Kisah Aftab mengungkapkan kesulitan hidup dalam masyarakat yang ditandai oleh penjelasan esensialis tentang gender. Pemahaman anak-anak tentang diri mereka sendiri dimulai dengan kategorisasi yang berhubungan dengan jenis kelamin sebagai laki-laki atau perempuan. Juga telah ditemukan bahwa beberapa jenis perilaku tertentu terkait dengan jenis kelamin dan dianggap stabil. Para ahli teori feminis berpendapat bahwa pembedaan berdasarkan jenis kelamin seperti itu memperkuat ketidaksetaraan seksual. Variasi gender, menurut Fausto pada (FaustoSterling, 1993) adalah normal.
Studinya tentang bayi dengan alat kelamin yang tidak jelas yang diubah melalui pembedahan menunjukkan ketidakmungkinan untuk selalu mengkonfirmasi struktur gender biner. Ahli biologi seperti Fausto percaya bahwa ada lima jenis kelamin: laki-laki, perempuan, Hermes (hermaprodit atau orang yang memiliki ovarium dan testis), Mermes (hermaprodit laki-laki dengan testis dan ciri-ciri kelamin perempuan tertentu), dan Ferms (hermaprodit perempuan dengan ovarium bersamaan dengan ciri-ciri kelamin laki-laki tertentu).
Aftab, seorang perempuan yang terperangkap dalam tubuh laki-laki, merangkul kewanitaannya dan berharap untuk menemukan jati dirinya. Menurut Judith Butler, gender tidak ditentukan secara pasif, melainkan sebuah proses konstruksi diri (Butler, 2006). Tubuh dipandang sebagai lokus proses dialektis, di mana apa yang tercetak pada tubuh akan menerima serangkaian interpretasi historis yang baru. Transformasi Aftab menjadi Anjum digambarkan sebagai sebuah perjalanan ke dunia lain. Ia hidup dengan komunitas hermafrodit yang beragam, termasuk pria yang tidak percaya pada operasi, Hindu, dan Muslim.
Kontras antara dunia biasa, Duniya, dan dunia Hijras disajikan dengan cara yang halus. Anjum menemukan bahwa kaum Hijra adalah sekelompok orang terpilih yang diberkahi dengan kemampuan untuk mengutuk dan memberkati. Ironisnya, orang-orang terpilih yang telah dianugerahi kekuatan ini hidup dalam kehidupan pinggiran.
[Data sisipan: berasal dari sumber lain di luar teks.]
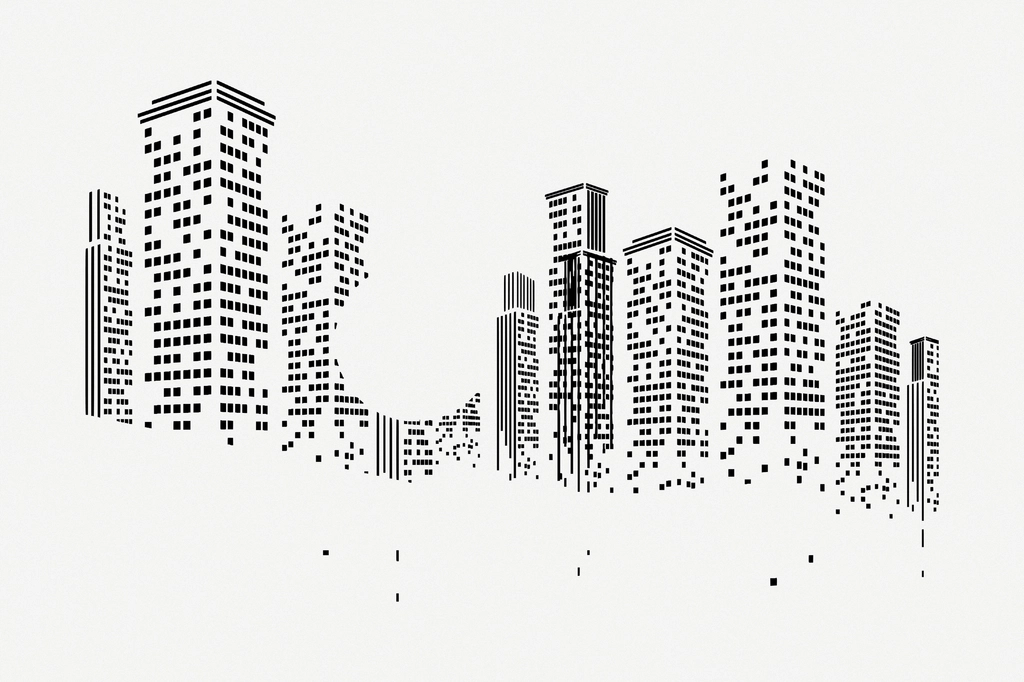 Abstract city skyline border background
Awalnya, Aftab memandang transformasi menjadi Anjum sebagai bentuk transendensi diri. Namun, Anjum sering merefleksikan penderitaan kaum Hijra, dan Kwabgah adalah rumah bagi orang-orang seperti dirinya. Ini adalah tempat yang telah membebaskan jiwa mereka dari tubuh mereka.
Kulsoom Bi, teman Anjum, menceritakan sejarah dari Kwabgah dan Hijra, menekankan pentingnya komunitas Hijra dalam mitologi Hindu dan Istana Kerajaan. Mereka menikmati posisi dan dihormati dan dicintai karena kontribusi mereka kepada masyarakat. Kulsoom berkata: "To be present in history, even as nothing more than a chuckle, was a universe away from being written out of it altogether" hal.46 (Roy, 2017). Mereka memiliki sejarah sebagai bagian dari dan di luar budaya.
Kwabgah, rumah impian, menjadi tempat bernaung dan menginspirasi banyak orang, termasuk Anjum, yang selama ini terpinggirkan oleh masyarakat rasional. Anjum berusaha keluar dari wilayah perbatasan konflik gender internal. Tidak hanya Anjum, semua tokoh dalam novel ini memiliki perbatasan antara dirinya dan dunia luar. Sebagai seorang perempuan setengah perempuan, ia memuaskan keinginannya untuk menjadi sosok ibu dengan membesarkan Zainab, seorang anak jalanan yang terlantar.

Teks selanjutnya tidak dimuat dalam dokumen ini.